Agriculture officials are in the final stages of drafting a new sub-decree on contract farming that, if passed, will grant the Agriculture Ministry the central role in all contract farming in Cambodia.
Yi Bunhak, chief of the ministry’s Agroindustrial Development Office, said that under the sub-decree, which could come up for adoption by the Council of Ministers as soon as March, the ministry would act as a facilitator for contract farming, in which buyers and farmers commit to the price, quality and quantity of crops for sale.
An independent committee will be formed for “problem solving,” he said.
But NGOs said that while contract farming can bring benefits for farmers, such as increased yield and guaranteed crop prices, the consultation process for the sub-decree was inadequate, and that they had serious concerns about the so-called problem-solving process that is to include representation for businesses, but none for farmers.
Mr Bunhak said the sub-decree was drawn up to encourage foreign investment, and to help the government achieve its aim of exporting a million tons of rice by 2015. He hoped it would increase farmers’ productivity by linking them with businesses that will provide “input” such as better quality seeds, fertilizer and pesticides, to improve overall productivity.
“Under the sub-decree, if a company would like to export rice to China, that company [can] come to my department or the Ministry of Agriculture and [we] find them the farm organization,” Mr Bunhak said. “Then we bring both parties together and set the conditions in the contract.”
The sub-decree also directs that the government solve any dispute that might arise, such as a failure on either side to fulfill a contractual obligation. Mr Bunhak said the problem-solving committee would consist of members from more than 10 ministries, and that business interests would be represented by the Cambodian Chamber of Commerce.

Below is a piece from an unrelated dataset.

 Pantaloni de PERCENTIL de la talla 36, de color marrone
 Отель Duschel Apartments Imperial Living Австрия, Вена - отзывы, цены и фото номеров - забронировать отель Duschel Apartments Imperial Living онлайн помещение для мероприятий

“Cambodian Chamber of Commerce represents private sector. It is a very important member,” he said. If the committee were unable to solve the problem satisfactorily, it would be sent to the courts, he added.
But the committee detailed in the sub-decree will include no farmers, no members from farmers associations and no NGO representatives, Mr Bunhak said.
Sharon Wilkinson, who stepped down as country director of CARE International in December, said the decision to exclude farming representatives from the problem-solving process rendered it profoundly unfair.
“Any arbitration process, whatever name it goes by, to represent full disclosure and transparency requires each interest group must be represented,” she said. “You cannot leave key groups out of the dialogue and say it is a transparent process.”
Mr Bunhak declined to comment directly on the inclusion of private-sector representatives alone, but said the sub-decree would help protect farmers from buyers that break agreements.
The Agriculture Ministry “helps the farmer. We help to see…whether the land is suitable for the crop or not,” he said. “But we have control [over] both parties, also we control the company. Companies…must finish the contract.”
NGOs were also critical of the consultation process for the sub-decree, which consisted of a half-day workshop in July with one day’s notice, they said.
“We got the sub-decree from the Ministry of Agriculture and we have only one day to have a meeting with NGOs and farmers before giving our recommendations,” said Keam Makarady, director of the environment and health program at the Cambodian Center for Study and Development in Agriculture. “The timeframe was very difficult.”
According to a list of those invited provided by Mr Bunhak, the Agriculture Ministry invited 21 representatives from government bodies, 15 from the private sector and 14 from NGOs. One member of the Federation of Cambodia Rice Millers Associations was invited, and no farmers.
Mr Bunhak defended the decision to exclude farmers from the consultation process yesterday, as he said the local NGOs that were invited could adequately represent their views.
“I think local NGOs know well about the situation of the farmers,” Mr Bunhak said. “I think farmers we have no space to invite. But we invite [a representative from] farmers association.”
Ms Wilkinson said she disagreed.
“To have a meaningful consultation, you have to create an environment that is enabling, you have to put [the sub-decree] in the hands of the people that it will affect,” she said.
Mong Reththy, president of Mong Reththy Group, attended the workshop and said yesterday he thought the new sub-decree would be a boon to agribusiness in Cambodia.
“There will be a bigger market and durable price of the product…. There will be more investment.” Mr Reththy said, adding that sub-decree would benefit farmers as a whole.
Prey Veng provincial rice farmer Kuy Borath said yesterday that farmers should have been involved in the debate. Mr Borath, who farms a three-hectare plot, had not heard about the sub-decree although he did know about contract farming, and said he hoped the draft would improve his ability to sell his rice.
“The government should pay more attention to the farmers by finding markets for the product,” Mr Borath said.
Leang Penh, a farmer of Banteay Meanchey province, was also unaware of the draft sub-decree, but noted that if the government body helped the farmers, the farmers would be happy for it to be created.
” We will be very happy if they purchase our rice yield with good price because now the price fluctuated according to the middlemen’s mouths,” Mr Penh said.